June 22, 2020
Jim Dickrell
May’s milk production report, with milk output down 1 percent, cow numbers declining and milk per cow also off have fueled the recent skyrocketing of dairy futures markets.
The question is: Can these markets hold? University of Wisconsin dairy economists Bob Cropp and Mark Stephenson, in their monthly dairy outlook podcast, are both hopeful and wary.
“We could see these prices holding pretty good,” says Cropp. “The big question: Will farmers continue to hold production down. If we can keep milk production down, yes, we could see prices [through the end of the year] that the futures markets are seeing (above $16/cwt Class III.)”
But Cropp is also wary of what could happen with the coronavirus pandemic through the rest of the year. It creates so much uncertainty, he says, that he is not forecasting prices any higher than what the futures markets are seeing.
Stephenson agrees. “Farmers are starting to react to these higher milk prices, at least in the West,” he says. “We’re seeing some values for springers that we haven’t seen in years.
“That tells us these guys want to make milk. That’s going to kill the golden goose,” he says.

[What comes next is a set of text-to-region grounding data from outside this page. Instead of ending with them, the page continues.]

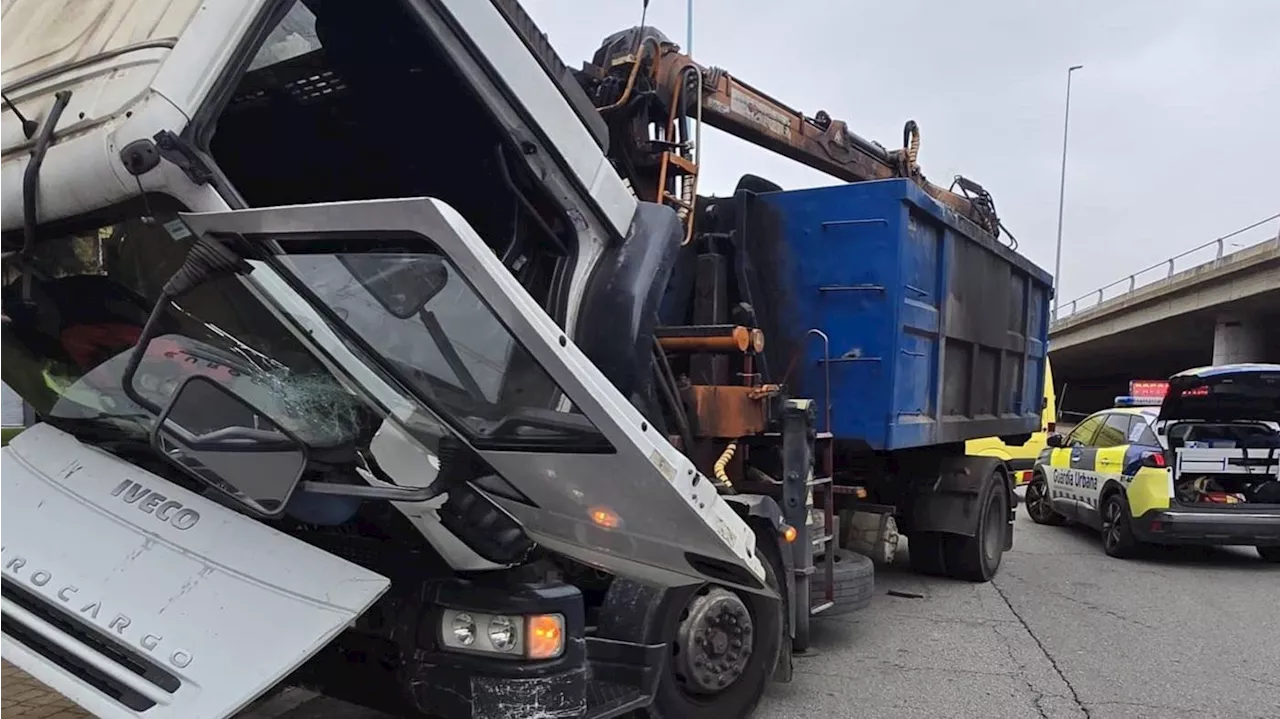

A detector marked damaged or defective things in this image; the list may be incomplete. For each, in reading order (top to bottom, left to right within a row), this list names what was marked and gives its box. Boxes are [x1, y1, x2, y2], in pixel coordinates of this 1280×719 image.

rusty machinery [576, 24, 1008, 248] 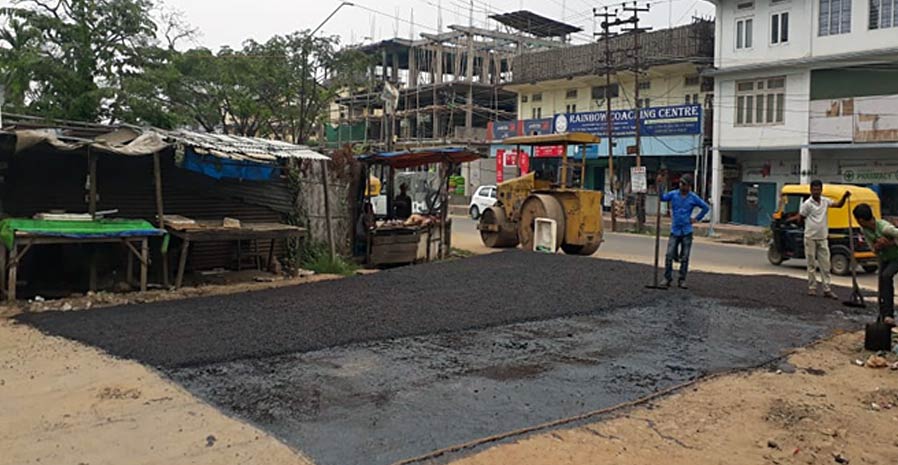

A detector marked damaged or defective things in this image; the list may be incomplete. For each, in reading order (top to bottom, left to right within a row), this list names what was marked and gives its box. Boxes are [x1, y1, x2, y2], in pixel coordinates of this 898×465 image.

fresh asphalt patch [15, 252, 868, 462] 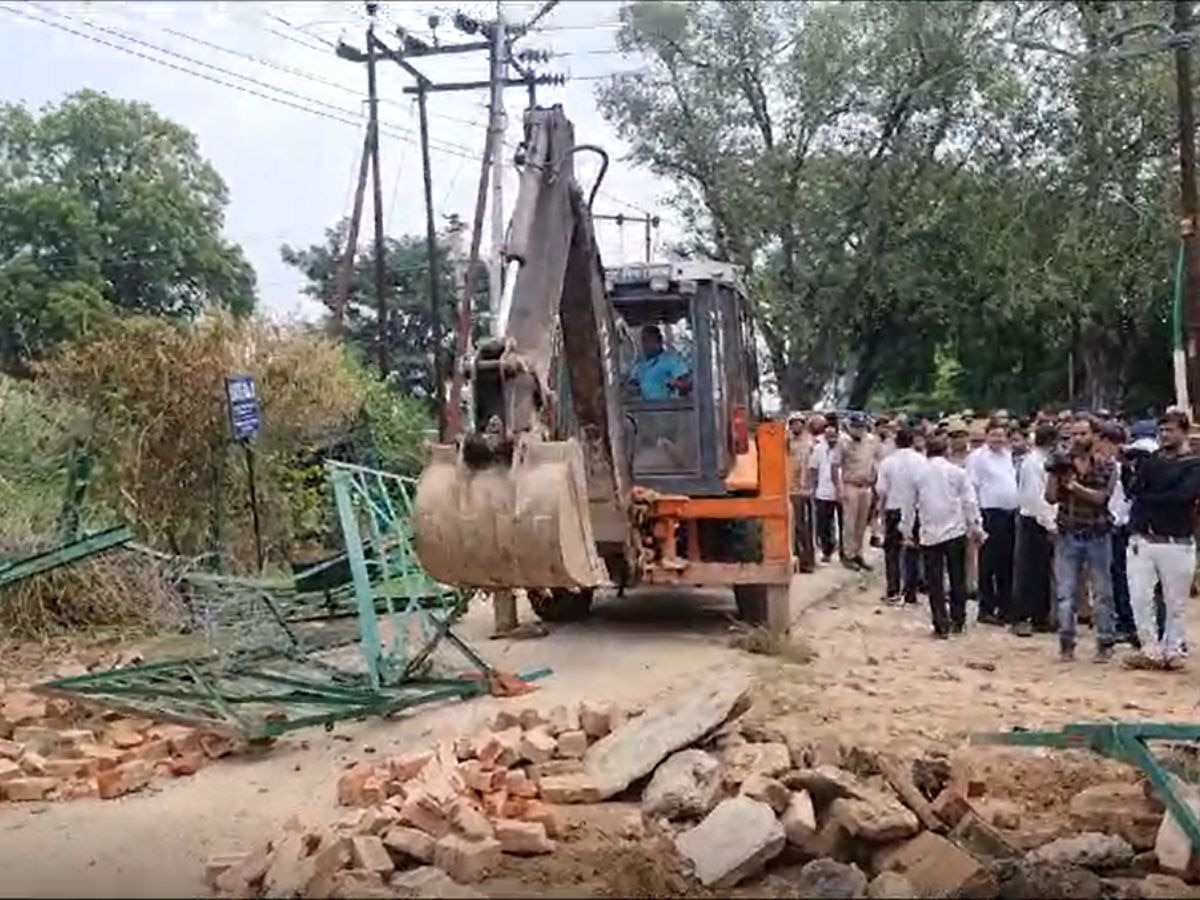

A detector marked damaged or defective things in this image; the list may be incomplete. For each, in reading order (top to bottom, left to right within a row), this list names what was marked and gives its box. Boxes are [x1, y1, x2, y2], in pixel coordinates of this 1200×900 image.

broken brick [554, 734, 588, 763]
broken brick [578, 700, 624, 744]
broken concrete [583, 676, 748, 801]
broken brick [1, 777, 57, 801]
broken concrete [643, 748, 715, 820]
broken brick [350, 840, 396, 873]
broken brick [381, 830, 434, 864]
broken brick [432, 835, 501, 883]
broken brick [494, 820, 554, 854]
broken concrete [676, 796, 787, 888]
broken concrete [1027, 830, 1137, 873]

Both economists are urging dairy farmers to closely watch markets, know their cost of production and their financial situation. Whether to lock prices in should depend on each farm’s financial situation and their tolerance for risk, they say.
The one thing they are urging farmers to do is to sign up for the Dairy Margin Coverage (DMC) program this fall if they do not have coverage. The DMC program will provide affordable coverage for all farms for the first 5 million pounds of their production history. Sign-up for the 2021 program runs from October 12 through December 11.